People reading newspapers in Australia and England last week learned that California Gov. Arnold Schwarzenegger had troubles with the Internal Revenue Service.
In October, hundreds of millions of Chinese were regaled with tales of motor vehicle misconduct by the governor's wife, Maria Shriver.
And in Worthington, Minn., readers of the Daily Globe were cautioned not to drive like Shriver.
What they all shared was a common source for their news: A 4-year-old Web site with an obscure acronym for a name and a predilection for breaking stories that sting its subjects even as they tickle its viewers.
"TMZ has become a go-to source for celebrity news, certainly, and for sensational news," said Neil Henry, dean of the UC Berkeley Graduate School of Journalism. "It's been proven over the past 18 months that TMZ is outstanding at producing news."
Much of the time – make that most of the time – the site's news production centers on short snippets of celebrity sass or the foibles and mishaps of personages major and minor:
The site has led the world in reporting events connected to golfer Tiger Woods' driving mishaps and marital woes.
And as UC Berkeley's Henry and others point out, the site's reach has sometimes extended far beyond the audience of people who know who Lamar and Khloe are, or care about the cost of replacing the fire hydrant in front of Woods' mansion.
The day after Thanksgiving, for example, TMZ reported in a 150-word missive that "the United States government might have a bigger budget to work with – if one bodybuilding governor would pay the back taxes it appears he never got around to paying."
"According to documents filed in L.A. County Superior Court, Arnold Schwarzenegger owes the IRS $39,047 from 2004 and $40,016 from 2005."
The site also included a copy of an IRS lien against Schwarzenegger in May.
As it turned out, the issue concerned computer glitches and a postal problem. The governor's business manager eventually explained the tax agency hadn't noticed a different filing number on payroll forms for Schwarzenegger's household employees, and that notices about it were sent to his home address instead of his business address.
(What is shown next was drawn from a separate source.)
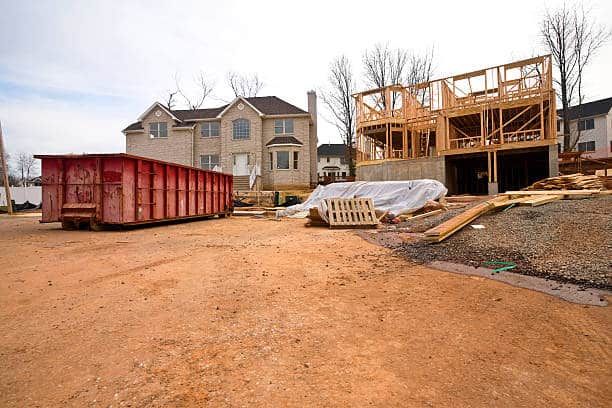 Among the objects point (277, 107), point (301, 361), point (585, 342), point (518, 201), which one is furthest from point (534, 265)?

No matter. The original story was carried in newspapers, Web sites and television outlets from Sydney to Sacramento – and virtually all of the accounts included variations of the phrase "according to TMZ."
So, what's a TMZ, and why is it zeroing in on the governor of California and his wife?
TMZ – the acronym stands for "Thirty Mile Zone," a reference to the area surrounding a cluster of Los Angeles TV and movie studios – was born in November 2005.
An offspring of the Time Warner media conglomerate, TMZ is run by Harvey Levin, a 58-year-old lawyer who worked for a decade as a television reporter in Los Angeles.
The site, which Levin has likened to the Associated Press of the celebrity gossip world, provides a seemingly endless stream of often exclusive and as often embarrassing photos of luminaries from the worlds of show biz and sports.
In addition to the tax flap, TMZ has photographically nabbed Schwarzenegger and Shriver for parking in red zones and talking on cell phones while behind the wheel, respectively.
While the site doesn't ordinarily feature the parking peccadillos of politicians and their spouses, Schwarzenegger and Shriver transcend politics because of their celebrity as former movie star and former network news reporter/Kennedy clan member.
"The governor and Maria are bona fide celebrities," said Barbara O'Connor, who heads the Institute for the Study of Politics and Media at California State University, Sacramento, "and anyone who lives by the celebrity sword is open to being stabbed by it."
Neither the Governor's Office nor the Web site seem eager to talk about whether the first couple are being stalked by the site. A spokesman for the governor declined to comment, as did TMZ.
In fact, TMZ officials declined to comment on anything, even after written questions were submitted by a Bee reporter.
But while TMZ has been harshly criticized for ambush-style reporting and rushing stories onto the Web without key elements or explanations, it also has been cited as an example of the new synergy that constitutes 21st century journalism.
"I think sites like TMZ 'key up' stories that are largely unvetted, and then the mainstream media will do the necessary vetting, and either report it or dispense with it," said O'Connor, "As mainstream media downsizes, having these sites as a source of tips is valuable."
O'Connor said she is troubled, however, that in the accelerating competition to report things first, the need to report things accurately sometimes suffers.
"The mainstream media often feels compelled to compete on sensationalistic breaking news," she said, "and sometimes relies on attributing things to reporting by celebrity Web sites or gossip papers, which are sometimes not very reliable."
And sometimes the "mainstream media" aren't needed at all.
For example, UC Berkeley's Henry points to TMZ's Northern Trust Bank exposé in February.
TMZ posted photos and videos of a lavish party the bank threw for hundreds of clients and employees as part of a professional golf tournament it was sponsoring in Los Angeles. The report prompted demands by members of Congress that the bank repay $1.6 billion in federal bailout funds, which it did.
"The work they did on Northern Trust was outstanding," Henry said. "As journalists we tend to hold journalism to a higher standard of coverage. But as newspapers and other news entities continue their shrinkage and diminishing content, sites like this are helping to fill the gaps."
Among them: improving the driving habits of certain governors and their spouses.